Check out this video made by Andreas Brink, the man behind the TV documentary about Levin. A very good showcase for an GammelGura. This one was made a couple of years ago before I came up with hardwood plugs, but it has an early segmented saddle, the nut intonation and a bridgeplate in spruce. This one is also a little more original than usual with the original bridge in black painted maple :-)

New batch

I still have some laggards in the previous batch, mostly those that have not been sold yet. But I went through my queue this weekend and five guitars in turn are in the shop and will start working on. As always, it's a mixed bag with Levin and European parlor guitars. Some in good condition and others genuine "wrecks" that require a little more glue :-)

GG174 Levin 1920, fixed bridge

This is one of three Levin 1920 parlors from one and the same customer with serial numbers in a row! One has already been given a simpler renovation, but the other two will be real GammelGura. This one was in good condition and equipped with a fixed bridge.

GG175 Levin 1920, floating bridge

The second of the three in sequence was not in as good condition, to say the least. It will be easy to take it apart when the bottom is already loose! This one had a floating bridge and a "mickey mouse" tailpiece.

GG176 European

The one in best condition was this one. Probably German and made around 1910, but it may be older than that. It has "wrong-turned" tuning screws, ice-cone heel and a typical mother-of-pearl rosette. The bridge is a bit more unusual as it is very straight and simple and not a mustache bridge that is usually the norm. Nice maple in the bottom!
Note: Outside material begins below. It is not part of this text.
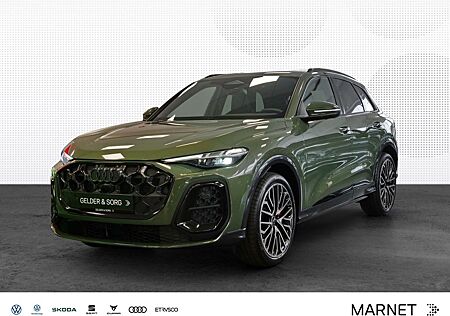 Audi SQ5 SUV TFSI qu. *Matrix*Navi*TechPro*Pano*Leder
GG177 European, No. 23 from the waiting room

This guitar is probably not as old as it looks, I may be wrong. It was a period in the 1920s and 1930s in Germany when they made guitars in the old style with e.g. mustache stall and ice cone heels. Sometimes even a fingerboard at the height of the top and wood tuning screws to imitate Renaissance guitars. This one has a very nice sound hole decoration, old tuning screws and mustache bridge, but also an adnustable saddle that breathes 1930s. At some point, it has probably been in water or received a proper blow to the end plug. This one will also be easy to take apart :-)
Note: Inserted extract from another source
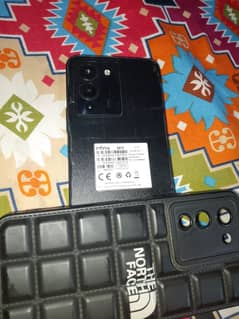 Infinix note 12 G96 8/128 0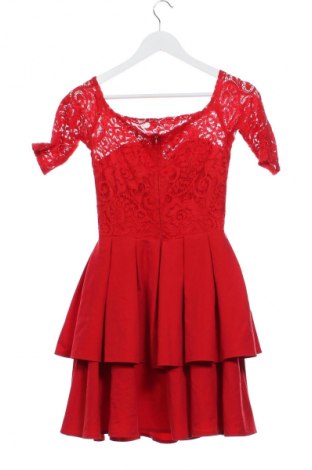 Sukienka Unbranded, Rozmiar S, Kolor Czerwony, Cena 29,99 zł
Addendum: Got the guitar apart and I think it is really old, about 1900 or even. 1800s. Beefy tuners, no bridgeplate and visually old hot hide glue and wood make me change my mind. The adjustable intonation plate on the bridge is original, but the time around 1900 was also the time for many inventions on guitars where metal was used in many ways. The decoration in the sound hole is a separate piece of wood that has been carved out and glued to the inside of the top.
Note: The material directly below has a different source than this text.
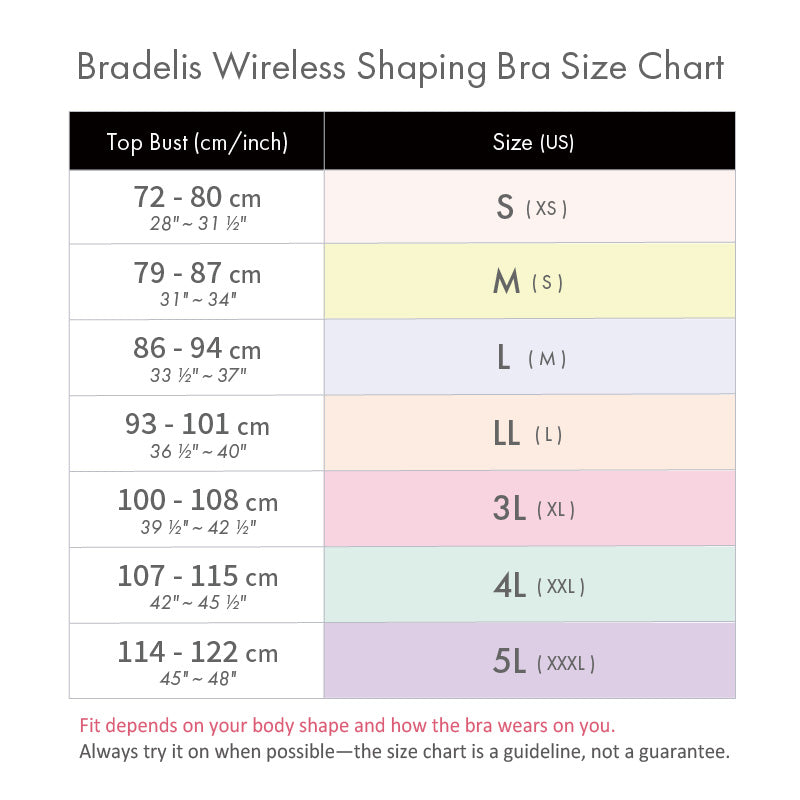 Cotton Catcher Wireless Lace Bra 25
GG178 Parlor with ornate bridge

The oldest guitar in the collection is probably this one, I guess in the 1890s. Could be Swedish made, I recognize the natural color neck from other old Swedish parlor guitars and the slightly clumsy body shape. The surprising bridge can be thought to be original, it is at least the same spirit as the KB guitars from the turn of the century 1900. It can also be a later addition. Even if the bridge is not optimal for the perfect sound, it must be allowed to remain. I have to do what I can and adjust the bracing accordingly!

Addendum: It was not visible in the pictures, but the lid is really deformed where the stable rotated in. That it is old is no doubt, no stable plate and the third bar placed behind the stable instead of in front as it should. The lid was also unusually thin, about 2,5 mm. The decoration at the stable is a whole piece of wood with the rectangular stable glued on top.